They use the same format found in the documentary and clearly come from the same interview sessions; we even hear a few duplicated sound bites. “Denzel” features Bruckheimer, Washington, Boone, Howard, and Yakin, while “Odds” gives us Bruckheimer, Howard, Yakin, Pardue and Walt Disney Studios chairman Peter Schneider. They’re both light and superficial, but they remain acceptably entertaining.
In addition to the theatrical trailer for Titans, we find a Deleted Scenes section. There are six excised clips, and they run for a total of eight minutes. One is actually an extended version of the “getting to know you” montage in which the players learned about each other, but all of the others are true cuts, and most of them focus upon Coach Yoast.
Somewhat surprisingly, I found virtually all of the scenes to be pretty entertaining. One particularly fun one rips off a segment originally cut from Terminator 2 that was restored in the film’s special edition. In that bit, the terminator attempts to smile. Here, we see Coach Boone encouraged to grin, with similarly humorous results. Unfortunately, it was shot poorly, so we can barely see the side of his face that bears the wrinkle. Nonetheless, it’s fun to see, and I liked all of the deleted scenes. My only complaint is that we get no director commentary to discuss why they were left out of the final film.
Kudos to Disney for some nice “user friendliness” on their extras. For one, most of them include subtitles, which is always thoughtful, though absent on most supplements. I was also pleased to notice a “play all” option attached to the three behind the scenes programs and to the deleted scenes. It’s great to be able to let them rip and not have to return to the menu so many times.

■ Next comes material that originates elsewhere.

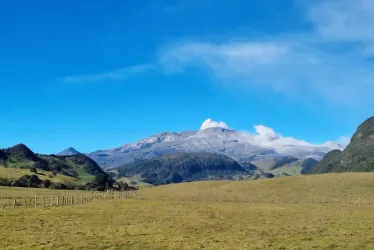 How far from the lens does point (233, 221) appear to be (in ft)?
173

The DVD opens with some promos. We get ads for Atlantis: The Lost Empire, 102 Dalmatians, Disney’s The Kid and The Emperor’s New Groove. These also appear under the Sneak Peeks banner.
As is usually the case with films from producer Jerry Bruckheimer, Remember the Titans reinvents no wheels and will win no prizes for originality, but in its execution, it proves to be a spirited and energetic look at integration and race relations in the early Seventies. I was put off by some misrepresentations of my home area, but even so, I enjoyed the movie and found it to be fun and compelling.
The DVD provides solid picture with good sound and a nice package of extras. The supplements are led by two strong audio commentaries. If you’re prone to excessive bouts of cynicism, you probably won’t like Remember the Titans, but for folks who enjoy well-told uplifting tales, it should prove to be nicely stimulating.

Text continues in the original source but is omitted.